TASK INSTRUCTIONS.
Would you please copy each line below that includes the string "style"?

DATA FOR THIS EXERCISE.
---+---

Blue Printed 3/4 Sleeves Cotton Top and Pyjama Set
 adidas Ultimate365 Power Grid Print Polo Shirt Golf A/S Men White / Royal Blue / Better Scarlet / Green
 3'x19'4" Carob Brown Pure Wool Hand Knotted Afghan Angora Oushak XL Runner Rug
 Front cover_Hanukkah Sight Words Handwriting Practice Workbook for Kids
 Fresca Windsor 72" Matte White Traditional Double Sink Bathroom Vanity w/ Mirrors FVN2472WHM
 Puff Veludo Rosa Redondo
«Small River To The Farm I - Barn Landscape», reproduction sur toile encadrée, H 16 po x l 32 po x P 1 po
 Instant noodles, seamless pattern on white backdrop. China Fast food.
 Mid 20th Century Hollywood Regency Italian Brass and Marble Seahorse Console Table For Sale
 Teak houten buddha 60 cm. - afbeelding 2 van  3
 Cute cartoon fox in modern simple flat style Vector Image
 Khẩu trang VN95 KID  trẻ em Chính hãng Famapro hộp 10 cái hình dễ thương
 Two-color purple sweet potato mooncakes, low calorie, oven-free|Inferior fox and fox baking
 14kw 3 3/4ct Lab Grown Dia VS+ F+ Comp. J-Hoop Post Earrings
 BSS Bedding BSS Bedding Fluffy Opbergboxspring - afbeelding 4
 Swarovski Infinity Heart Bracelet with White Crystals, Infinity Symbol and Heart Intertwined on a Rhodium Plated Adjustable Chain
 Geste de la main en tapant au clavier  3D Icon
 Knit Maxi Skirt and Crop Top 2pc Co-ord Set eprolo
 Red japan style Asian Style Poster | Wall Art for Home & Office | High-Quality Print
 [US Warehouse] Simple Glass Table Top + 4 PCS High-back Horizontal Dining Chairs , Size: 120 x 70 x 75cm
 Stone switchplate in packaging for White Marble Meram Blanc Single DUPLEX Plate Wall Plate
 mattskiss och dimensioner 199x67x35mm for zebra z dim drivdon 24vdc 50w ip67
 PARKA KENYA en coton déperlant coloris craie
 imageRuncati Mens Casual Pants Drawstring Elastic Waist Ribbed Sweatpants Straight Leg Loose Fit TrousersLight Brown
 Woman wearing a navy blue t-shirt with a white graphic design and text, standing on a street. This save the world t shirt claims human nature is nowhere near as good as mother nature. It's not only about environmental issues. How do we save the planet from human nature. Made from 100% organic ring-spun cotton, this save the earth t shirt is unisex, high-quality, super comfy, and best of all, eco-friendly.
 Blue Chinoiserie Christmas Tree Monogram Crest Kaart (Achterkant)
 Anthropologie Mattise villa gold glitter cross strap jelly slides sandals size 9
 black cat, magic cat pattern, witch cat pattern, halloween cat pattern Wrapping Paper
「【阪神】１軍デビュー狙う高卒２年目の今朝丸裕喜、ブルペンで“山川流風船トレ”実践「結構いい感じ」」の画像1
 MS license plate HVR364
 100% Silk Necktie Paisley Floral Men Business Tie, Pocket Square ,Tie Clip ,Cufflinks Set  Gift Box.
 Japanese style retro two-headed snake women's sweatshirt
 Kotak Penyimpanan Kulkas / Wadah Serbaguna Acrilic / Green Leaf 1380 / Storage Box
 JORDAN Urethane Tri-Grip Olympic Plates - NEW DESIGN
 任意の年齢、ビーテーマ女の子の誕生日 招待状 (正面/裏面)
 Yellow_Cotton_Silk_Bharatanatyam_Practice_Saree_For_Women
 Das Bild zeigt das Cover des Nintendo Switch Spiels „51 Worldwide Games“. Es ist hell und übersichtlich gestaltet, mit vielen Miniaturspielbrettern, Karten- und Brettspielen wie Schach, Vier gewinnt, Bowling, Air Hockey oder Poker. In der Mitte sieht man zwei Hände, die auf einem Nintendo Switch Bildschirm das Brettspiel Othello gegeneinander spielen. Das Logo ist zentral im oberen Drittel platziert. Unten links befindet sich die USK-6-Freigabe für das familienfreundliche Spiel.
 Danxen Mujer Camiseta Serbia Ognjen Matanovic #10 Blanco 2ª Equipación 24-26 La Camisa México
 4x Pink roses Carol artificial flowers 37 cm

---+---

WRITTEN REPLY.
 Cute cartoon fox in modern simple flat style Vector Image
 Red japan style Asian Style Poster | Wall Art for Home & Office | High-Quality Print
 Japanese style retro two-headed snake women's sweatshirt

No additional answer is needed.